3km resolution segfault

Hi,

I am in the process of running the SRW GST on Orion. While I have been able to run the 25km control run, I have been having difficulties running the 1st experiment which uses 3km resolution. Do you know what the issue would be?

The task that I am seg-faulting on is make_grid in the experiment directory  /work/noaa/epic-ps/sephraim/expt_dirs/test_CONUS_3km_GFSv15p2 using the configurations set in /work/noaa/epic-ps/sephraim/ufs-srweather-app/regional_workflow/ush/ . I attached some screenshots of the rocotostat output along with the log file for the make_grid step. 

Thanks

Hi Sam,

I was able to run a test and produce a 3-km CONUS grid on Orion without a problem using the release branch of the SRW App.  You can find the test directory here:

/work/noaa/hmtb/beck/expt_dirs/test_grid_release

Can you please try again from scratch (reclone/rebuild in a new directory)?

Thanks.

Sam,

I found one of your old directories instead.  Can you please try changing your nodes and cores in the MAKE_GRID task in FV3LAM_wflow.xml as follows:

from:

<nodes>1:ppn=24</nodes>

to:

<nodes>2:ppn=24</nodes>

Then try running it again.

Thanks.

I just tried that, but I'm unfortunately still getting the same error.

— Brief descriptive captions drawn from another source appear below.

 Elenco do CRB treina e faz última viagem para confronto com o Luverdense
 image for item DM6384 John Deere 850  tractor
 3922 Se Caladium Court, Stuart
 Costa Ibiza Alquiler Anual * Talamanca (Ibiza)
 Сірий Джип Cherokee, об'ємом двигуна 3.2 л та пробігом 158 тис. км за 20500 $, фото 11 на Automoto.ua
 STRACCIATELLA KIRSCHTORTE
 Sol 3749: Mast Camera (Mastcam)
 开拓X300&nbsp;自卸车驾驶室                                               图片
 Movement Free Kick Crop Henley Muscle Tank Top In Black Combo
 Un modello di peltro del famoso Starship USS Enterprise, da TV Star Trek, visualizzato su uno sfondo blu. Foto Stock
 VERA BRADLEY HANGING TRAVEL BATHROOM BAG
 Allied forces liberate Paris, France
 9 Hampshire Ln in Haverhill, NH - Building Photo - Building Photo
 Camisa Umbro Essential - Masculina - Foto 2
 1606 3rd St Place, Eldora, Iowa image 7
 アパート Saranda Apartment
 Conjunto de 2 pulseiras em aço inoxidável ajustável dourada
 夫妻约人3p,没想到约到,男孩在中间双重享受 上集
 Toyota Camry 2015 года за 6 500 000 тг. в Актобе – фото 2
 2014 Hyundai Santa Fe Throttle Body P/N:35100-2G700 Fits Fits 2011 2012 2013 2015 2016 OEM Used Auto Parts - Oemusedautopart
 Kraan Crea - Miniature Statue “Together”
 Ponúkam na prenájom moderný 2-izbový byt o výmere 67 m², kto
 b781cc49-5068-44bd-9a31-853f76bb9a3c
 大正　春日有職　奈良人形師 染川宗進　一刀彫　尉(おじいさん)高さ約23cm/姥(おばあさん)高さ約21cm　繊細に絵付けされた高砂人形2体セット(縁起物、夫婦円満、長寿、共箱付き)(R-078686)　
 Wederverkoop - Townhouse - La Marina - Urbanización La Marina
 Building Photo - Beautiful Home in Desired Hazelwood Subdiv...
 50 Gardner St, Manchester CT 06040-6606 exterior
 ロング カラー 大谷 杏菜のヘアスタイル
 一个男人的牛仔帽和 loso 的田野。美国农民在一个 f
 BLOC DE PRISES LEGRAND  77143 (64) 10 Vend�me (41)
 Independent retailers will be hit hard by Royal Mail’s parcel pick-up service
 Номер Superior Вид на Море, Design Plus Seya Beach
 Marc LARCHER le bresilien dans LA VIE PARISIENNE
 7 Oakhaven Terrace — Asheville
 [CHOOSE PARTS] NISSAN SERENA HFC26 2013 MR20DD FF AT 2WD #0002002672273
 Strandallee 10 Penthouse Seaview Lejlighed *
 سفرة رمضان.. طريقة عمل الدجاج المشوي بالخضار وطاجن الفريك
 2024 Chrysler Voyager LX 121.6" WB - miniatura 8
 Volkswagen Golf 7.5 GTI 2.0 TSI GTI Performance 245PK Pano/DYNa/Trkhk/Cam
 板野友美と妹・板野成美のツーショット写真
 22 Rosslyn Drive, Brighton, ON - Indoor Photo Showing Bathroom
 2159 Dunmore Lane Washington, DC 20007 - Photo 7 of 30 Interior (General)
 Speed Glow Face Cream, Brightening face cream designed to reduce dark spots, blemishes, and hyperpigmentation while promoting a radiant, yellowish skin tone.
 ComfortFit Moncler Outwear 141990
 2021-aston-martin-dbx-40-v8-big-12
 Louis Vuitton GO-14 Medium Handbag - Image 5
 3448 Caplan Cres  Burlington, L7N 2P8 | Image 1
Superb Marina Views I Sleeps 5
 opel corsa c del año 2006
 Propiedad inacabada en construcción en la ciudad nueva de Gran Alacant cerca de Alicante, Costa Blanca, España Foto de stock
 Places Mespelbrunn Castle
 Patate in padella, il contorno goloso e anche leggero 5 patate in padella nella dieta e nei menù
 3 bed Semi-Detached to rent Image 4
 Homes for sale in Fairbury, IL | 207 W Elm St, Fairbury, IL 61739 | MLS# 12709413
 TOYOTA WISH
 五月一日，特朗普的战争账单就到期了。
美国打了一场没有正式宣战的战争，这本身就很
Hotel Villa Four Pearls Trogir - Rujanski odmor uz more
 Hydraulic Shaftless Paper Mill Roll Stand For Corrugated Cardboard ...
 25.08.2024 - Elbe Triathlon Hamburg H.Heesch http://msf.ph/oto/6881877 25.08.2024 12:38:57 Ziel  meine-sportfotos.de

I just shared the new /work/noaa/epic-ps/sephraim/expt_dirs/test_CONUS_3km_GFSv15p2 directory.

Can you recursively open up global execute access to your ufs-srweather-app directory here:

/work/noaa/epic-ps/sephraim/ufs-srweather-app

I'm unable to "cd" to that directory to check things inside.

Also, can you please try running the make_grid task with <nodes>4:ppn=1</nodes>.  I believe this is a memory issue somehow.

Finally, if that doesn't work, can you try building the ufs-srweather-app using the devbuild.sh script?  You'd use it as follows after cloning the ufs-srweather-app repo: "devbuild.sh orion intel"

Thanks.

Unfortunately neither of those changes worked and both ended up with the same error. The new directory where I built the ufs-srweather-app using the builddev.sh script is called ufs-srweather-app-new.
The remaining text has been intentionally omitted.